Let's have a quick look at the first 20 columns and few top rows of the dataset. 

In [None]:
# display first 20 columns to explore what the data look like
# 0:20 - means from column 0 up to column 19
pokemon.iloc[:,0:20].head()

### Challenge:

 - Out of the total 41 columns, we can see only first 20 of them here. Can you tweak the code cell to display only rest of the columns (i.e. from 21 to 41)?

## Part B: Weight and height 

Let's get to know more about Pokémon by assessing their physical characteristics.

In [None]:
# let's select only two columns "weight_kg" and "name"
pokemon_by_weight = pokemon[["weight_kg","name"]]

# we will order by "weight_kg" in descending order
pokemon_by_weight = pokemon_by_weight.sort_values(by=['weight_kg'],ascending=False)
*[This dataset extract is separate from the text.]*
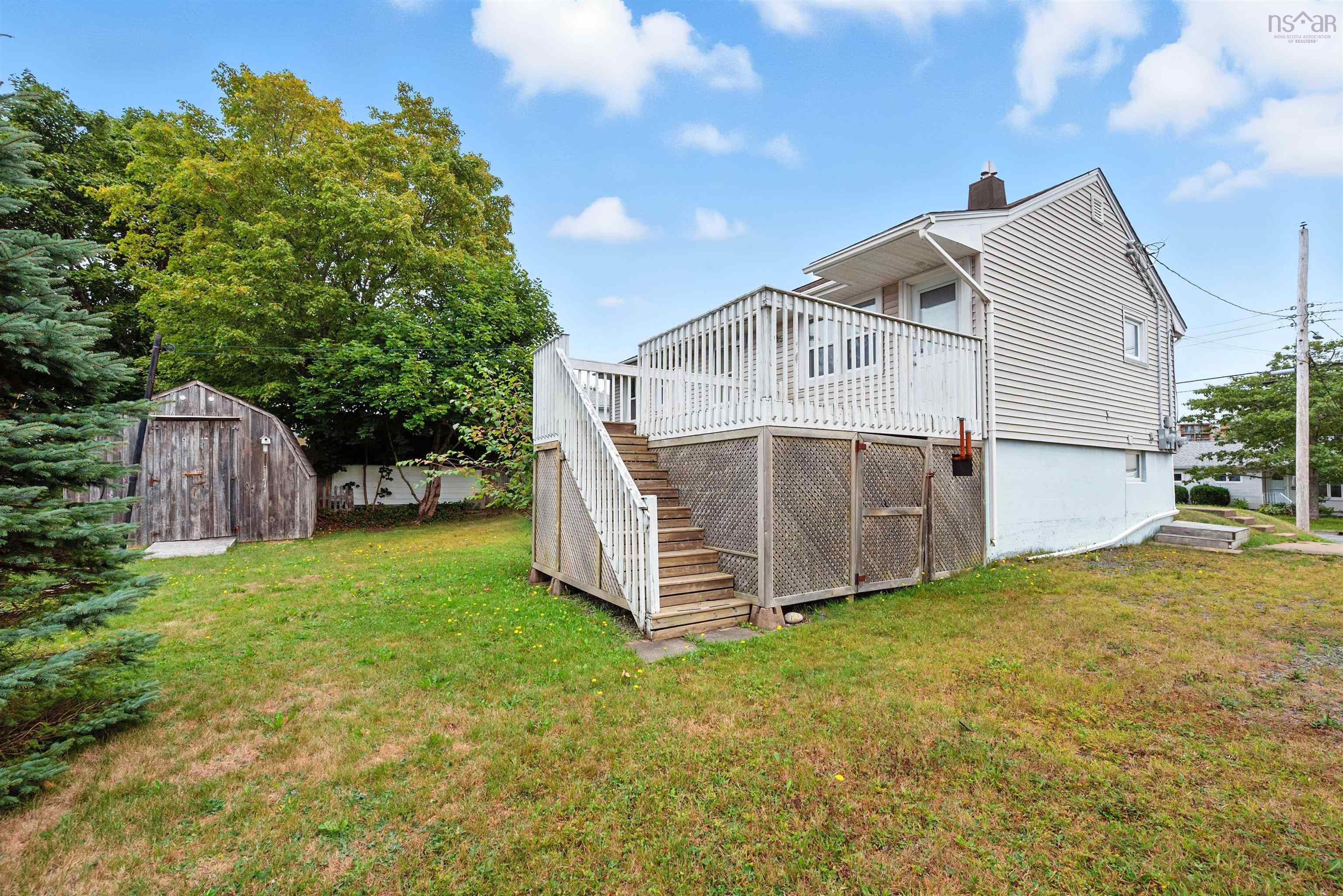 81 Adelaide Avenue, Fairview, NS (MLS 202522642)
# print out the top 10 heaviest pokemon
pokemon_by_weight.head(10)

In [None]:
# create a bar chart

# set_index("name"): we need to set index of rows to "name" so that the graph has pokemon names as labels
pokemon_by_weight.head(10).set_index("name").iplot(kind="bar",yTitle="Weight (kg)")

### Challenges:
- Find the 20 shortest Pokémon (use **height_m** column).
- Create a horizontal bar chart or line chart for the 20 shortest Pokémon by changing `iplot(kind="bar")` to `iplot(kind="barh")`  or `iplot(kind="line")` respectively. Which graph helps you better understand the results?
- Try two new kinds of plots: [boxplots](https://www.mathsisfun.com/definitions/box-and-whisker-plot.html) and [histograms](https://www.mathsisfun.com/data/histograms.html). Can you figure out how to interpret them?
     - use `iplot(kind="box")`
     - use `iplot(kind="histogram")`

## Part C: For the top 10 heaviest Pokémon, what will be the height?
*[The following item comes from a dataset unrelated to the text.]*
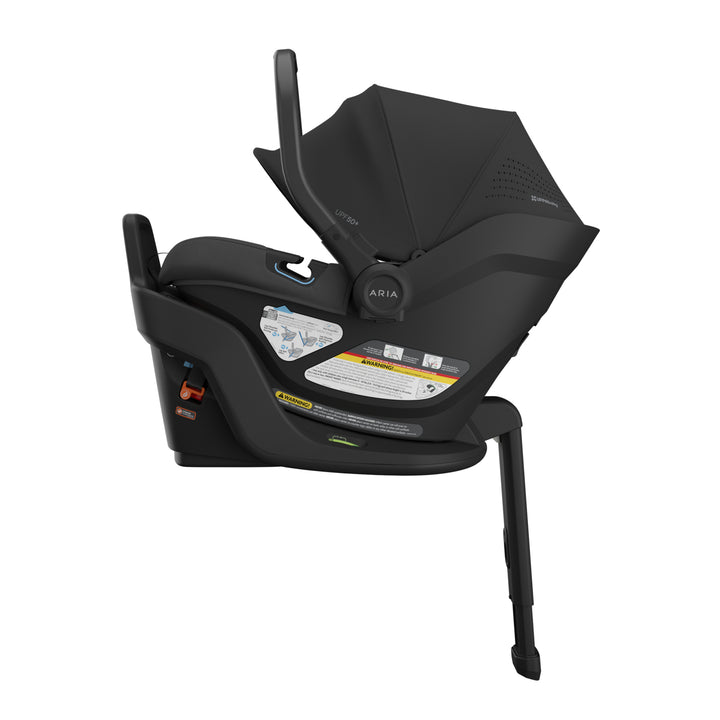 UPPAbaby Aria V2 (Jake - Charcoal)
We have identified the heaviest Pokémon in the dataset. Are those heaviest ones are the tallest ones as well? Let's find out.

In [None]:
# this time we are interested in weight and height - we select three columns "weight_kg","height_m" and "name"
pokemon_by_weight_height = pokemon[["weight_kg","height_m","name"]]

# we will order by weight_kg in descending order
pokemon_by_weight_height = pokemon_by_weight_height.sort_values(by=['weight_kg'],ascending=False)

# print on the screen the top 10 heaviest pokemon
pokemon_by_weight_height.head(10)

Interestingly, [Cosmoem](https://www.pokemon.com/us/pokedex/cosmoem) has a super large weight and minimum height!

Let's try to visualize the height and weight for the ten heaviest Pokémon using a bar chart.

In [None]:
# create a bar chart
pokemon_by_weight_height.head(10).set_index("name").iplot(kind="bar")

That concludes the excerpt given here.